■ **Activity**
Every line below should be copied exactly; drop the pictures.

■ **Source data**
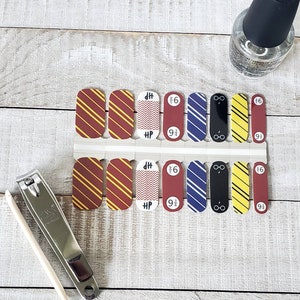 Può includere: Un set di 12 nail wraps con design a tema Harry Potter. I design includono un motivo a strisce rosso e oro, un motivo a chevron, un motivo a strisce blu e bianco, un paio di occhiali e un motivo a strisce giallo e oro. Le nail wraps sono disposte in due file da sei.
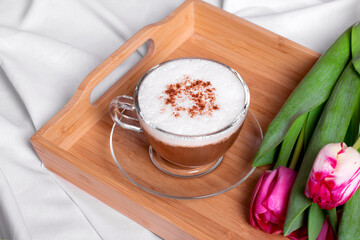 Coffee with cinnamon and pink tulips on the wooden tray in bed. Romantic surprise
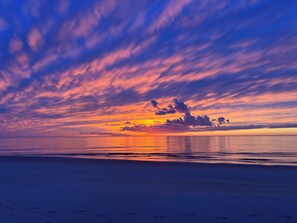 Una playa con huellas que conducen al agua, un atardecer y un cielo despejado.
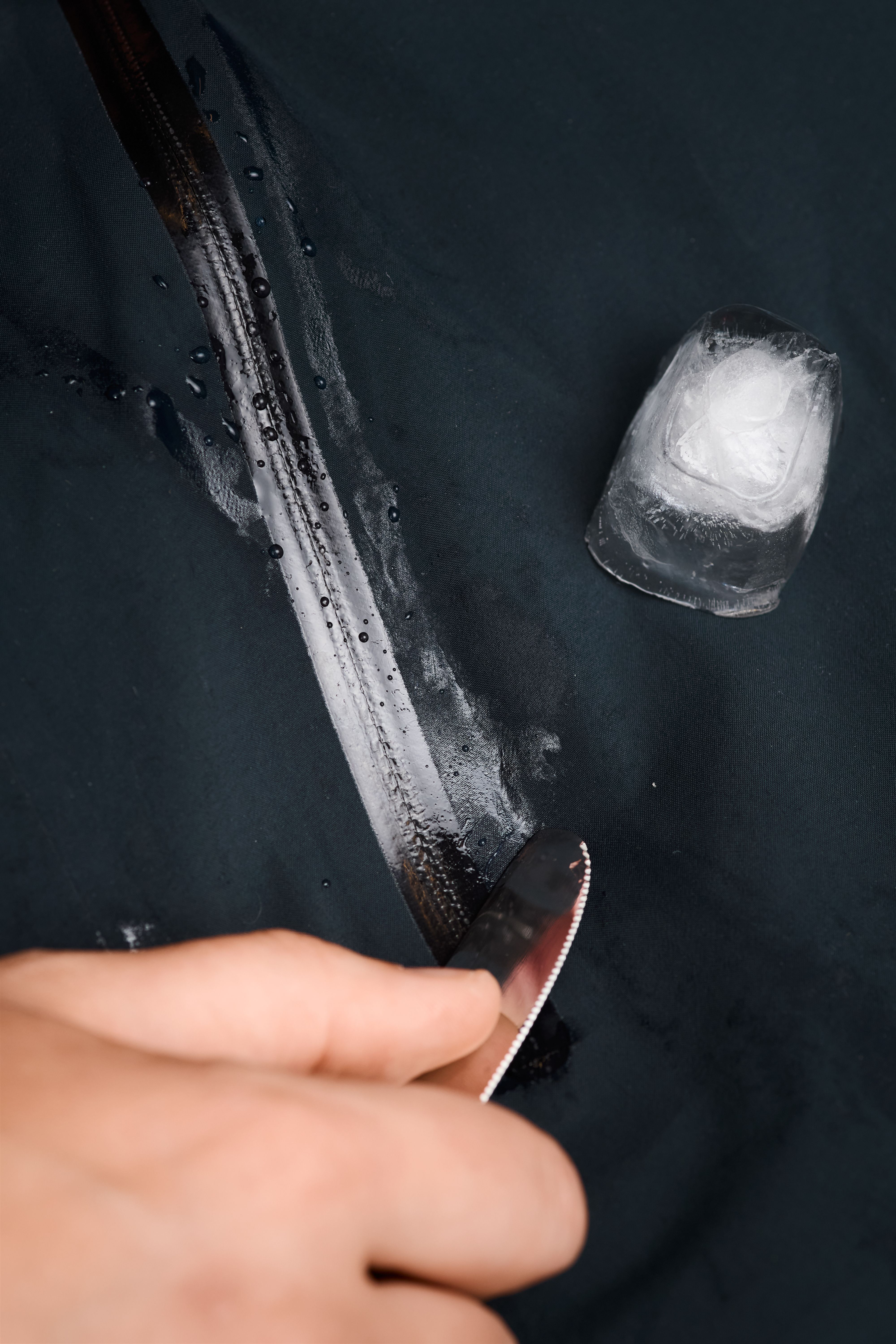 A hand scrapes a knife along dark waterproof fabric, leaving a trail of water next to a piece of ice.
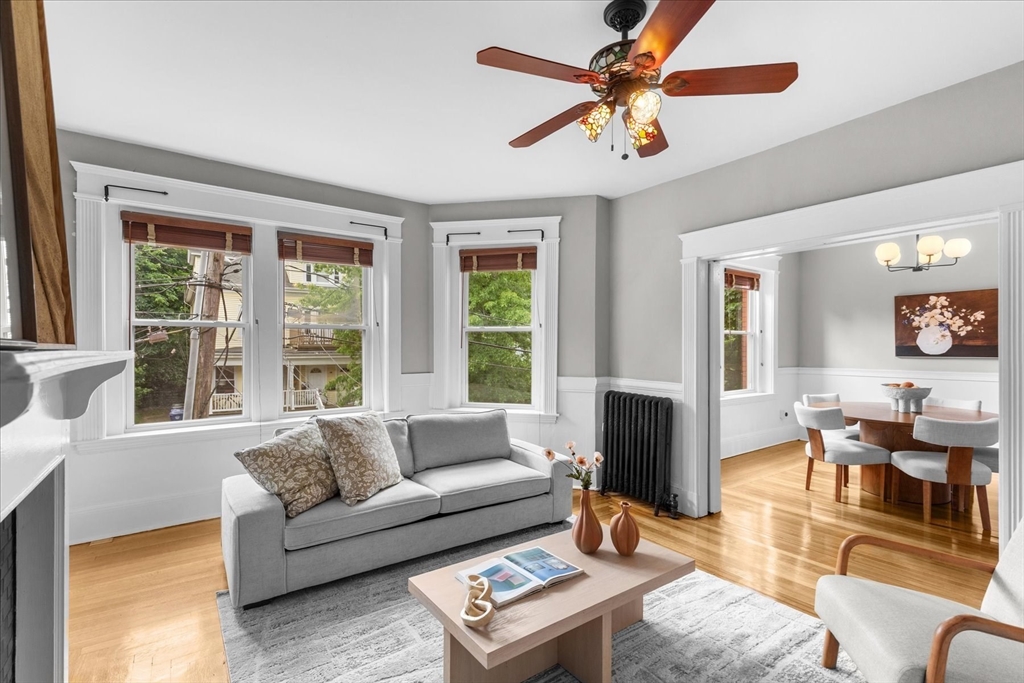 9 Verndale Street, Unit 2 Brookline, MA 02446 - Photo 7 of 39 a living room with furniture and a large window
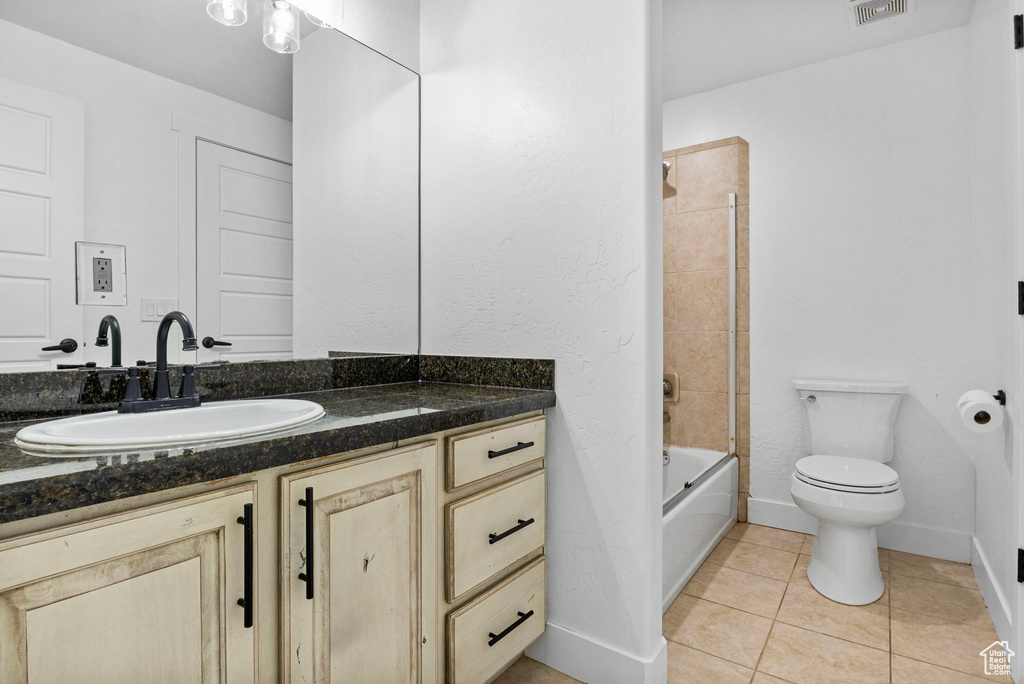 Bathroom with shower / bath combination, visible vents, vanity, tile patterned floors, and toilet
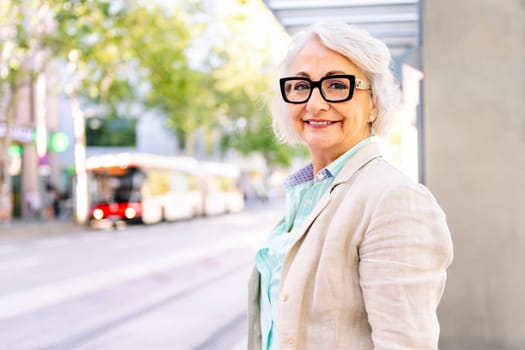 portrait of a smiling mature woman looking at camera while waiting for public transport, concept of sustainable mobility and urban lifestyle, copyspace for text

■ **Completed task**
 Può includere: Un set di 12 nail wraps con design a tema Harry Potter. I design includono un motivo a strisce rosso e oro, un motivo a chevron, un motivo a strisce blu e bianco, un paio di occhiali e un motivo a strisce giallo e oro. Le nail wraps sono disposte in due file da sei.
 Coffee with cinnamon and pink tulips on the wooden tray in bed. Romantic surprise
 Una playa con huellas que conducen al agua, un atardecer y un cielo despejado.
 A hand scrapes a knife along dark waterproof fabric, leaving a trail of water next to a piece of ice.
 9 Verndale Street, Unit 2 Brookline, MA 02446 - Photo 7 of 39 a living room with furniture and a large window
 Bathroom with shower / bath combination, visible vents, vanity, tile patterned floors, and toilet
 portrait of a smiling mature woman looking at camera while waiting for public transport, concept of sustainable mobility and urban lifestyle, copyspace for text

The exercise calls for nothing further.